The power received by an antenna due to thermal radiation is KTB, where K is Boltzmann's constant, T is the antenna noise temperature in K and B is bandwidth in Hz. Since Boltzmann's constant is very small (1.3806503E-23) the power due to thermal noise is received by the antenna is very small.
The antenna noise temperature is the average of the noise temperature of everything the antenna 'sees' weighted by the antenna gain in that direction.
Therefore you want a highly directional antenna so that the antenna beamwidth is completely filled by the person. You also want a wide bandwidth so as to maximise the power received. A dish antenna is therefore probably a good choice.

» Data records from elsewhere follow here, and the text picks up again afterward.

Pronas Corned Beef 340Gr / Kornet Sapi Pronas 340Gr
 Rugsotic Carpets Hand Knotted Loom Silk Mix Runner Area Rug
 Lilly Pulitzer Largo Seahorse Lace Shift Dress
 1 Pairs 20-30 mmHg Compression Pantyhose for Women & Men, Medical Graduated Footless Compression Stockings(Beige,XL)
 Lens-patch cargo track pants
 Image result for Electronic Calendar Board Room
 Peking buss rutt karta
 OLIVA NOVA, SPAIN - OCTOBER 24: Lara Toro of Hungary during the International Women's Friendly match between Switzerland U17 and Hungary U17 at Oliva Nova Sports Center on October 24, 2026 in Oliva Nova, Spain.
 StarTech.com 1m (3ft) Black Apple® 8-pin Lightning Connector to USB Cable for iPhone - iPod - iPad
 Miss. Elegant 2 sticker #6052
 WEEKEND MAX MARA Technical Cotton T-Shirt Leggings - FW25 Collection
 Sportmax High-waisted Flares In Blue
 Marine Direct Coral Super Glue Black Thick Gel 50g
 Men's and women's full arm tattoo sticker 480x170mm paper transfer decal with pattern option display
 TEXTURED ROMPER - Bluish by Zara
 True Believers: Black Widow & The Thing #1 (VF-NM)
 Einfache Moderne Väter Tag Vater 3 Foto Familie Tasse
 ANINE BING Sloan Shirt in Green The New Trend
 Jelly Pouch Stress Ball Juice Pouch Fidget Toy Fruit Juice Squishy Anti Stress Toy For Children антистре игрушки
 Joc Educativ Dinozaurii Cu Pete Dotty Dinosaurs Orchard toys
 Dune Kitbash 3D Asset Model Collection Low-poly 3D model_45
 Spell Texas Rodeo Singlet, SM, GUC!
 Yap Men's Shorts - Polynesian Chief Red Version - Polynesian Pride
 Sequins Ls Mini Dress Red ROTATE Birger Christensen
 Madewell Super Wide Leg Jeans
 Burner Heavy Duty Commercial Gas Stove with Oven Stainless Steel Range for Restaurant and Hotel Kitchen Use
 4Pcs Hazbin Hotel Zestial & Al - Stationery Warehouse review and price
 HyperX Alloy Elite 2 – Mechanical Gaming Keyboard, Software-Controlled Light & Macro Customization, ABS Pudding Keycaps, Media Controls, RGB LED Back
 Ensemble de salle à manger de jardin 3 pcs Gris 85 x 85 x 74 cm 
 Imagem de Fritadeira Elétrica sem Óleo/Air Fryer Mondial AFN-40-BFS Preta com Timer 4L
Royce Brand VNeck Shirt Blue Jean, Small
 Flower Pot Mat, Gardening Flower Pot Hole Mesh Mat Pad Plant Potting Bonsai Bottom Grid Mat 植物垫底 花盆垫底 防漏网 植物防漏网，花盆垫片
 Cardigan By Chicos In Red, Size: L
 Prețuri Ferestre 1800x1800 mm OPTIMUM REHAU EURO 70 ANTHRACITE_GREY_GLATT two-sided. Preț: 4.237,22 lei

The temperature of people is about 300K. Assuming an antenna bandwidth of 1 GHz you should get about:
1.38E-23 * 300* 1e9 = 4.14e-12 W = -83.8 dBmYou will not be able to see that on an oscilloscope. To get it up to a detectable level you want a low noise, high gain amplifier after the antenna, then feed the output of the amplifier to a power detector and smooth the output of the power detector with a low pass filter. Now point your antenna at something with a very low noise temperature (the sky is good for this, about 10k) and record the output voltage after the low pass filter. Now point your antenna at a person - you should see a small change in output voltage.
Another problem you have trying to detect thermal radiation from people is that the background also emits thermal radiation, often at a very similar level.
I don't know what that signal you saw on your CRO was, but it doesn't sound like thermal radiation. It could be some sort of interference which is being picked up more efficiently by the antenna.